Dr. Manish Butte led UCLA team gets $8.4 million NIH grant to study genetic risk factors and immune responses to the disease
Why do some people infected with Valley fever develop a potentially fatal form of the disease that ravages their body while most experience only mild symptoms or none at all?
A team led by Dr. Manish Butte, an Indian American professor at University of California, Los Angeles (UCLA), has been awarded a $8.4 million grant from the National Institute of Allergy and Infectious Diseases, part of the National Institutes of Health (NIH), to study such questions, according to a university press release.
It would also study issues related to genetic risk factors and immune responses to the disease, which occurs when people breathe in microscopic spores of the fungus Coccidioides that are present in soil.

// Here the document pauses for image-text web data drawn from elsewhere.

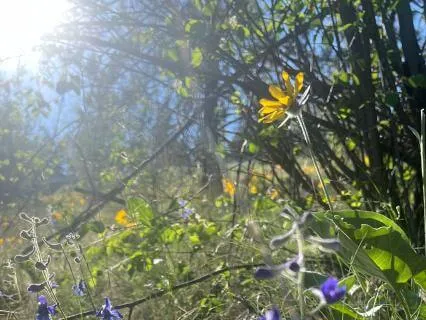 Snacking On Sunshine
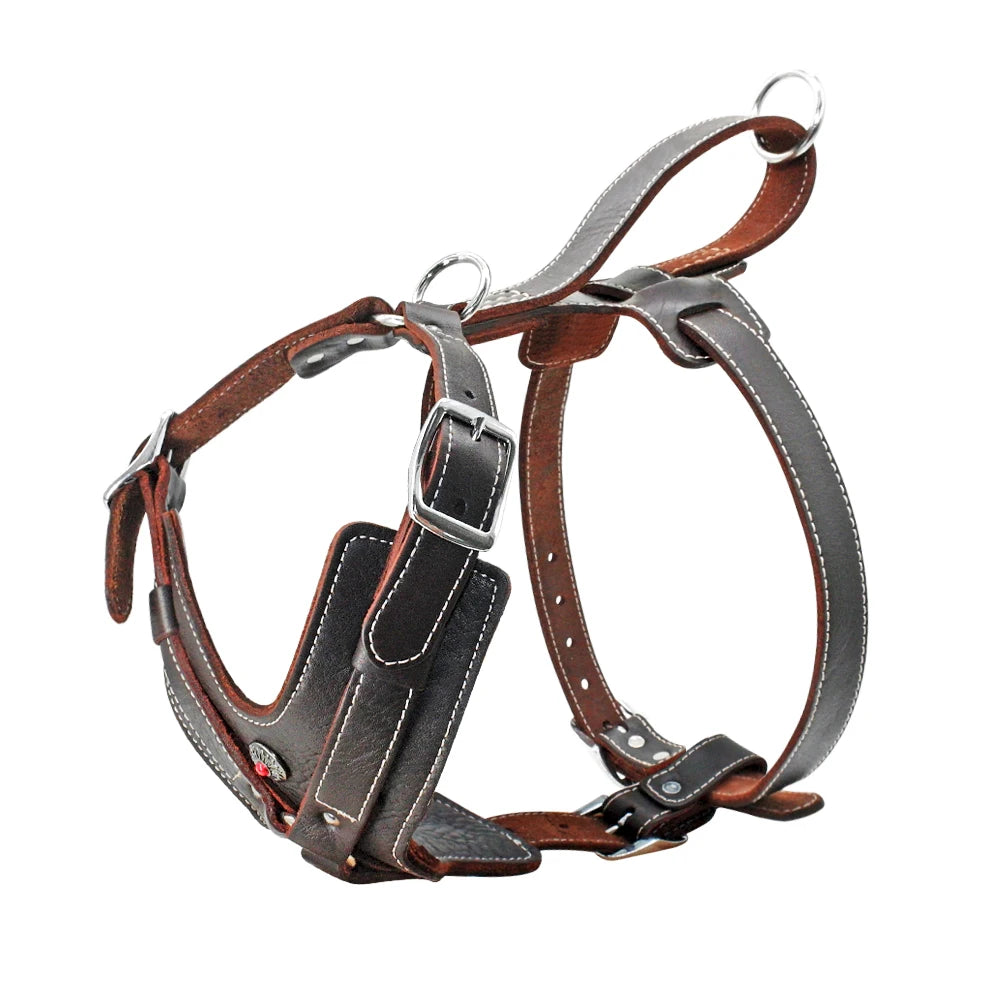 Tough Leather Harness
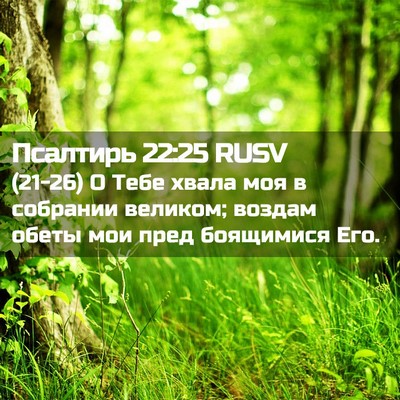Picture 02 - Псалтирь 22:25 RUSV - (21-26) О Тебе хвала моя в - Bible Verse Picture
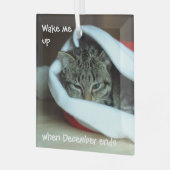 サンタ・ハットで眠い猫 ガラスオーナメント (正面左)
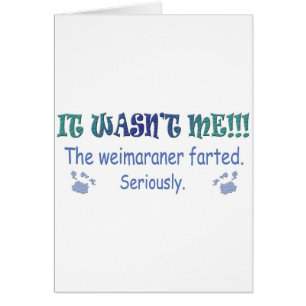 mar112015fartWeimaraner.jpg Cards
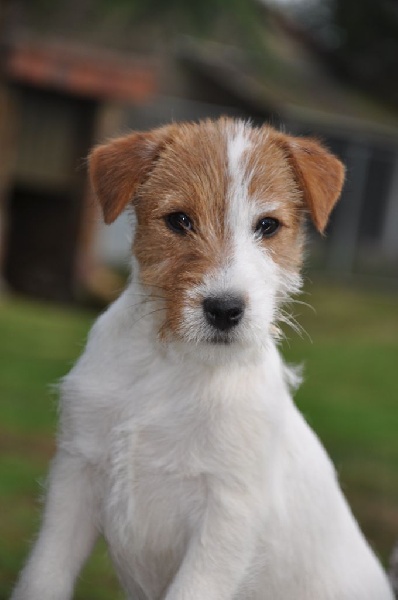 Publication : Sunset D'hell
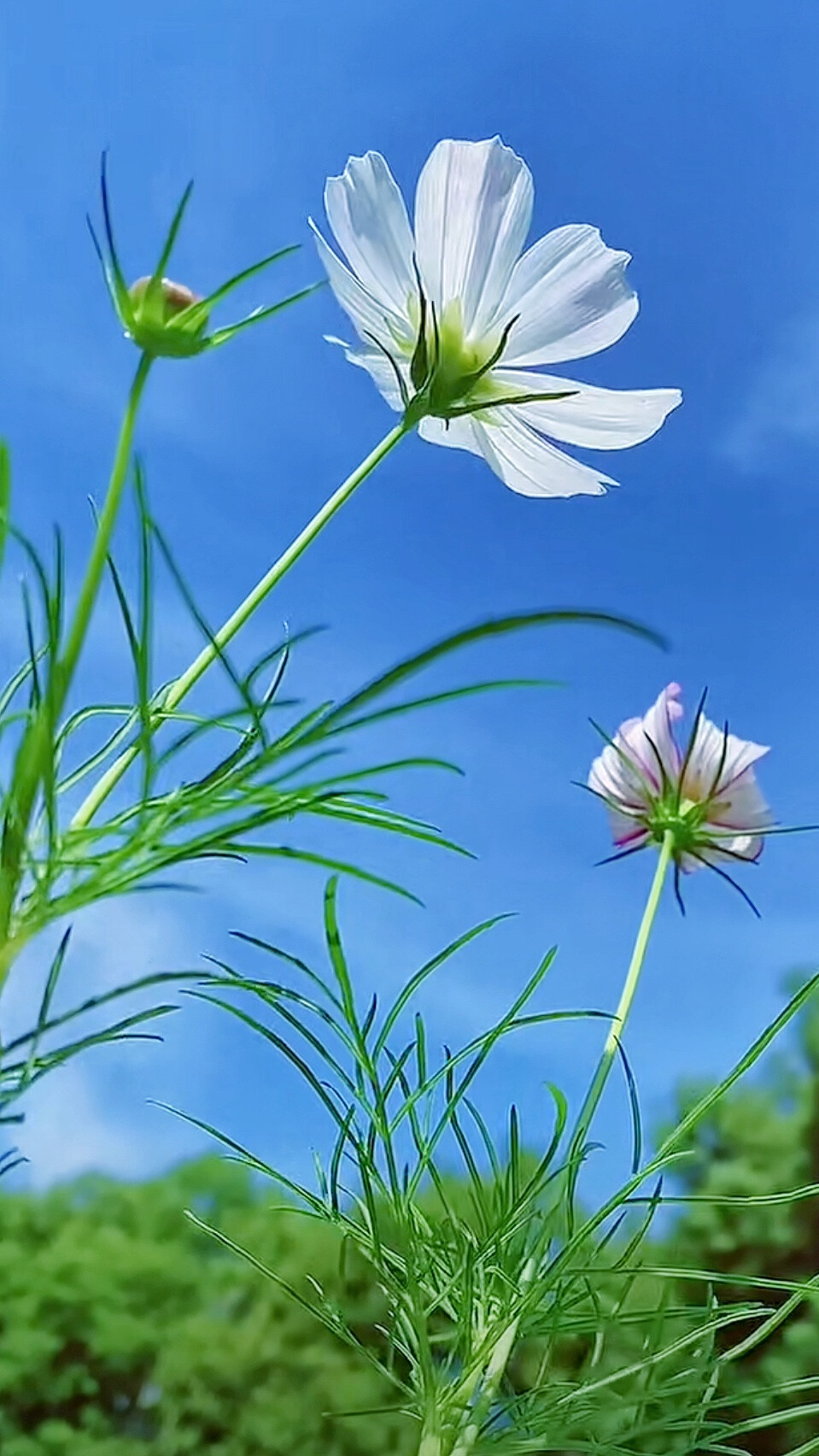 清新自然壁纸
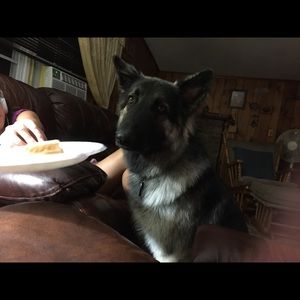 Meet your Posher, Marie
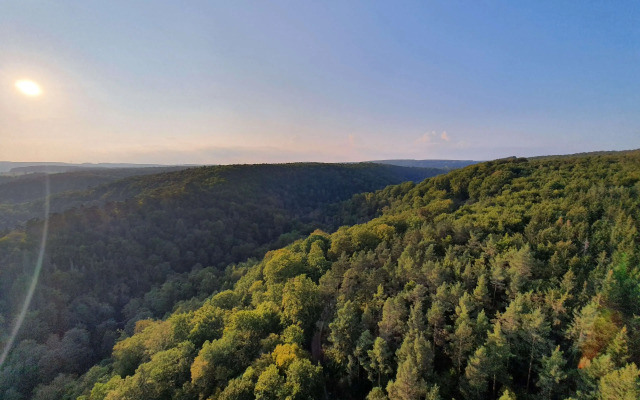 Best Western Plus BierKulturHotel Schwanen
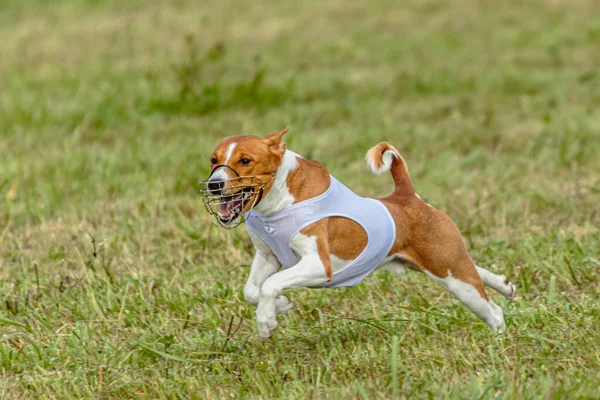 Basenji Pies Działa Białej Kurtce Boisku Zielonym — Zdjęcie stockowe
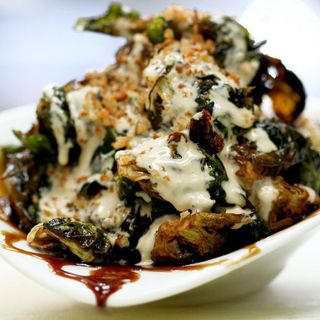 Tanoreen - 4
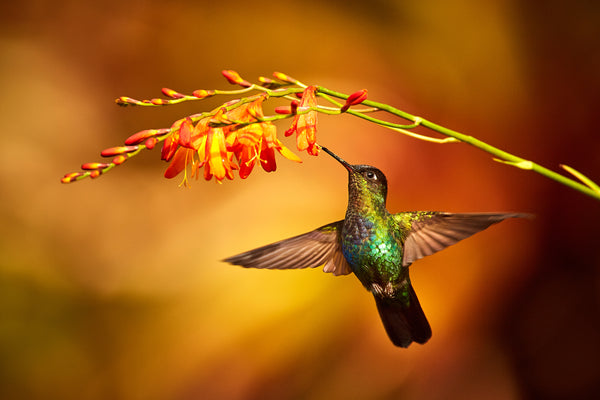 Autumn Hummingbird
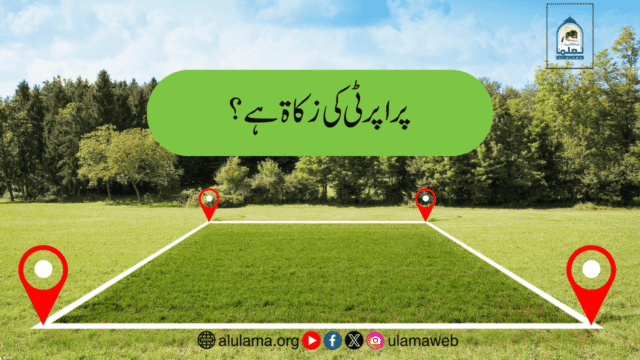 پراپرٹی کی زکاۃ ہے؟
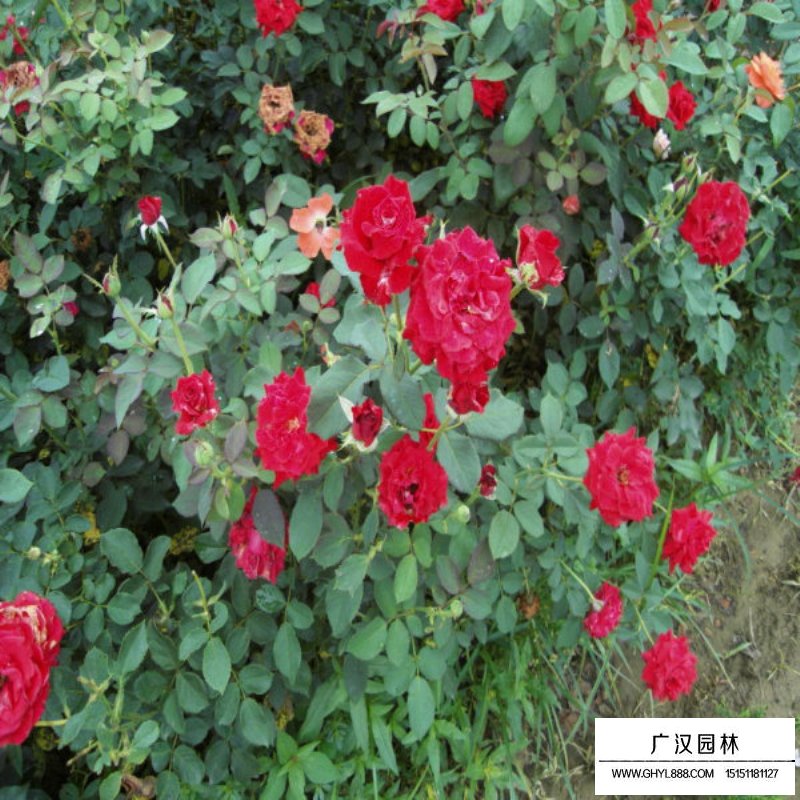 地被月季最新價格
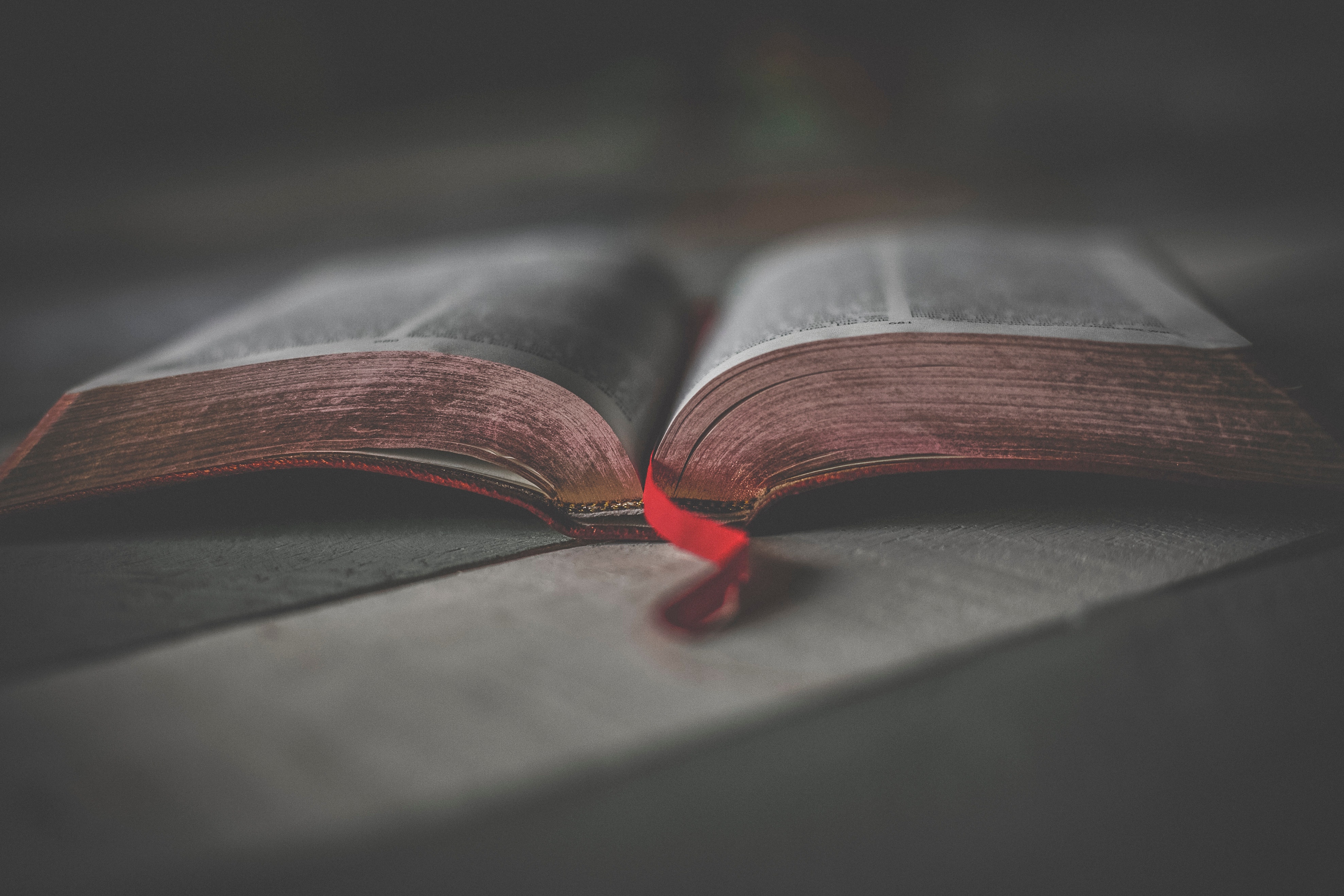 Biblia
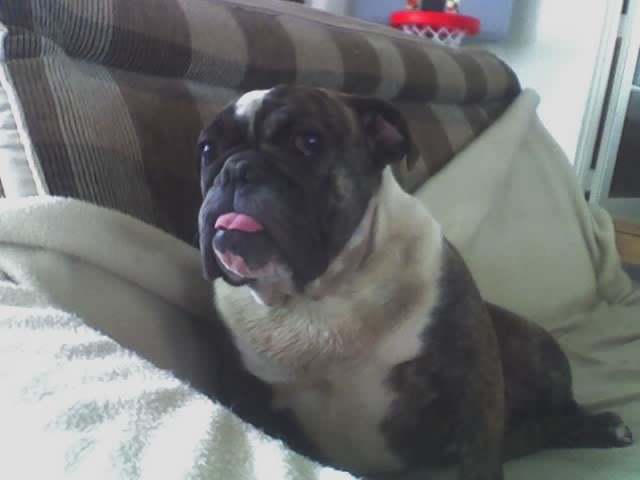 Annie 2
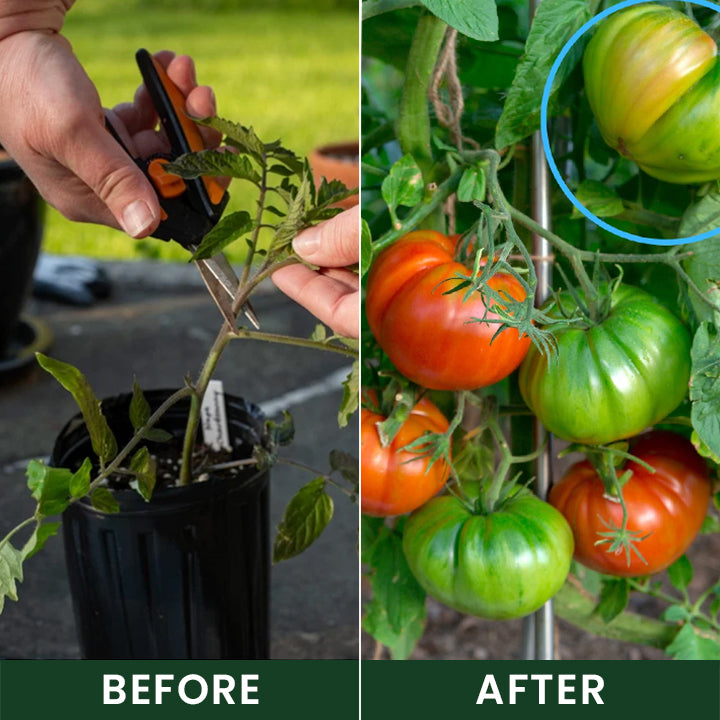 Official US Store  Universal Plant Nutrient Solution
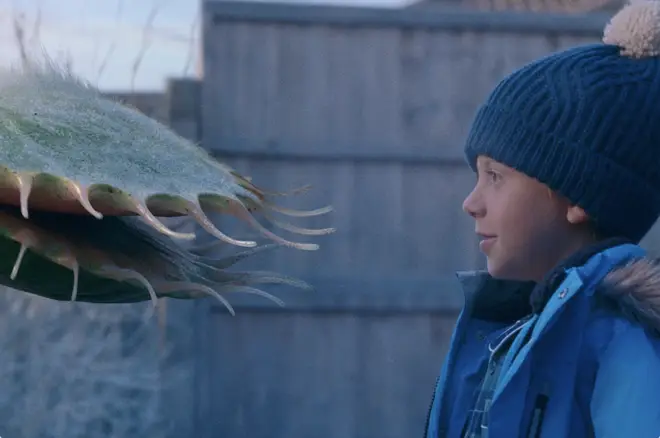 Snapper the Venus flytrap is the star of the 2023 John Lewis Christmas advert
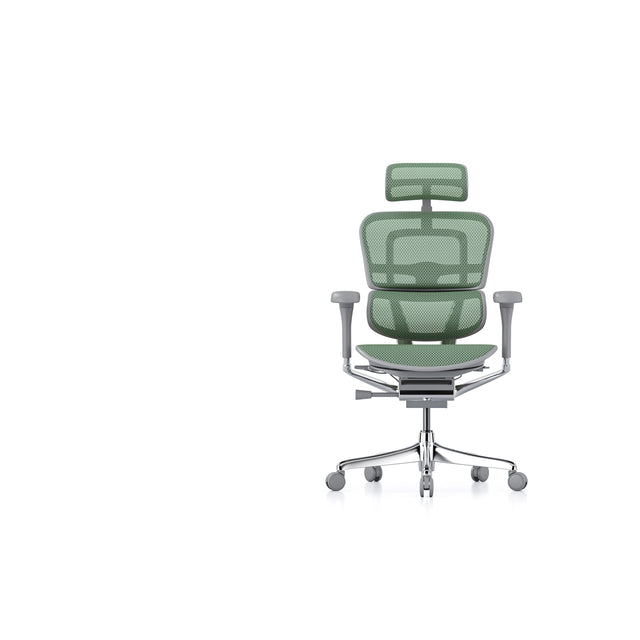 Ergohuman Elite chair with green mesh and grey frame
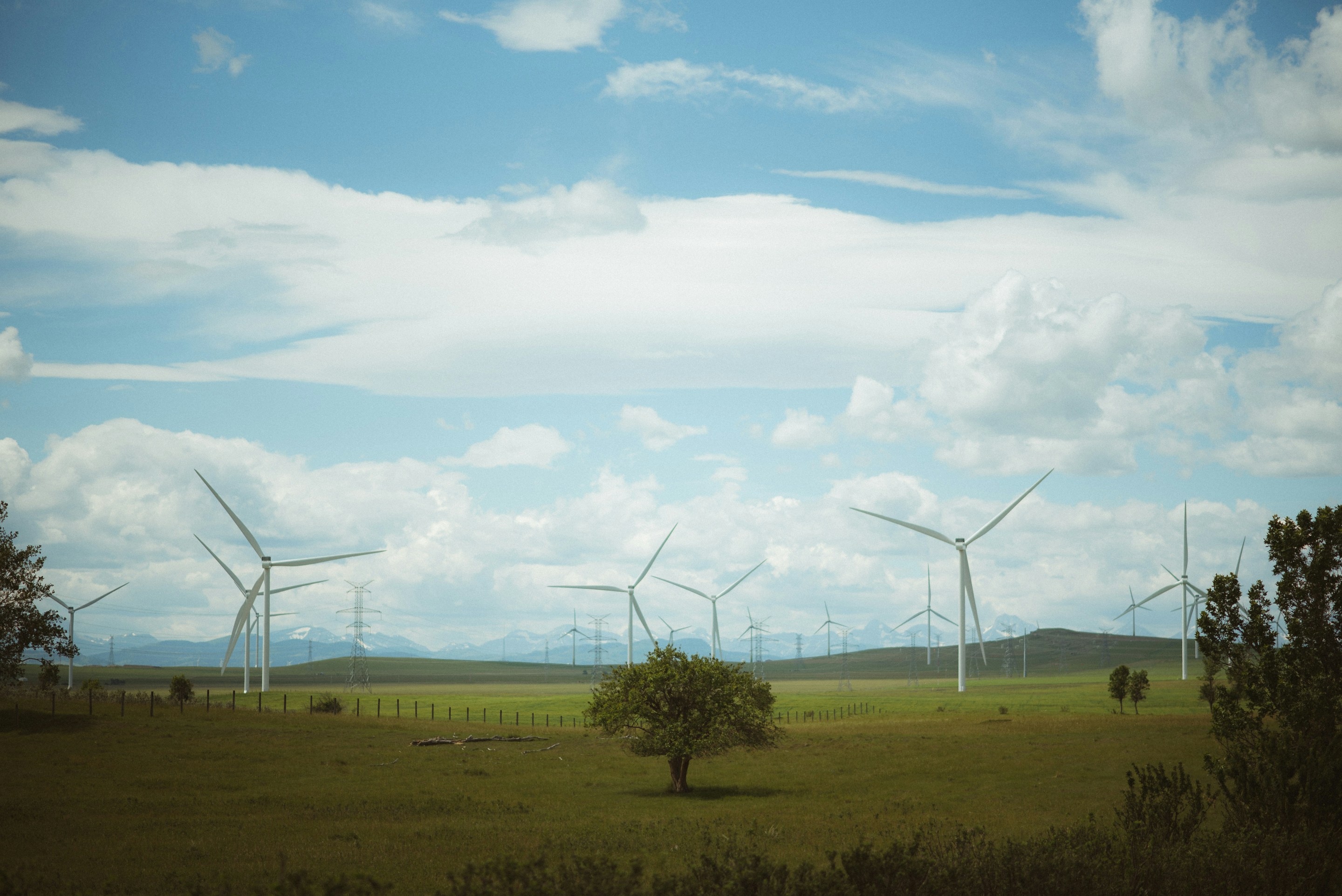 a field with windmills in it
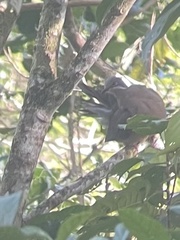 Phapitreron leucotis brevirostris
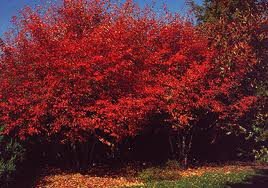 Autumn+Brilliance+Serviceberry.jpg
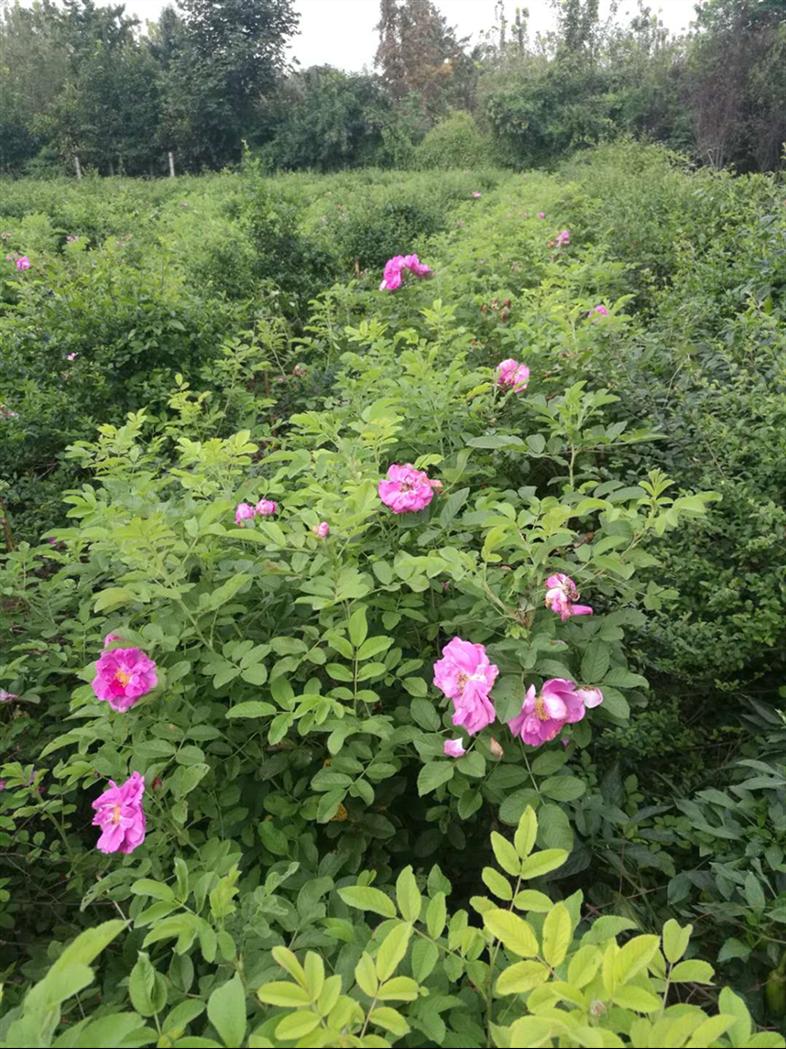 河南鄢陵四季玫瑰基地价格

Read: Indian American historian at UCLA Sanjay Subhramanyam wins $500,000 Dan David Prize (February 15, 2019)
First identified in Argentina in the late 1800s, Valley fever today is seen in a geographic swath that stretches from South America through Central America and Mexico and into the American Southwest.
While people with symptoms usually recover on their own or with the help of antifungal medication, those who develop a severe, or “disseminated,” form of the disease called disseminated coccidioidomycosis (DCM), can become severely ill and die.
Dr. Butte, E. Richard Stiehm Endowed Chair, professor and chief of the division of immunology, allergy and rheumatology in the department of pediatrics, will lead a group of researchers from UCLA and UC San Diego.
Patient samples for their project will come from collaborators at the UC Davis Center for Valley Fever and the Valley Fever Institute of Kern Medical Center, the release said.
“Everyone in the endemic areas is susceptible to this infection, but we have almost no ability to predict who will develop disseminated disease and lack an understanding of what part of their immune response fails to control the infection,” said Butte.
“With nearly 10,000 reported cases of Valley fever and 200 cases of DCM yearly in California, our state alone spends approximately $1 billion per year on coccidioidomycosis,” he said. “There is an urgent need to better understand DCM to enable better prevention, diagnostics, prognostics and treatments.”
Read: UCLA-led team gets $8.4 million NIH grant to probe mysteries of Valley fever (February 15, 2022)
The five-year grant will establish a Conccidioidomycosis Collaborative Research Center at which researchers from UCLA and UC San Diego led by Butte will investigate innate and adaptive immune responses to Valley fever, the genomic basis for heightened susceptibility to the disease and the mechanisms that allow the fungus to evade the body’s immune system.
Two similar centers, at UC San Francisco and the University of Texas, San Antonio, will study how the disease attacks the body and work to develop therapeutics and vaccines.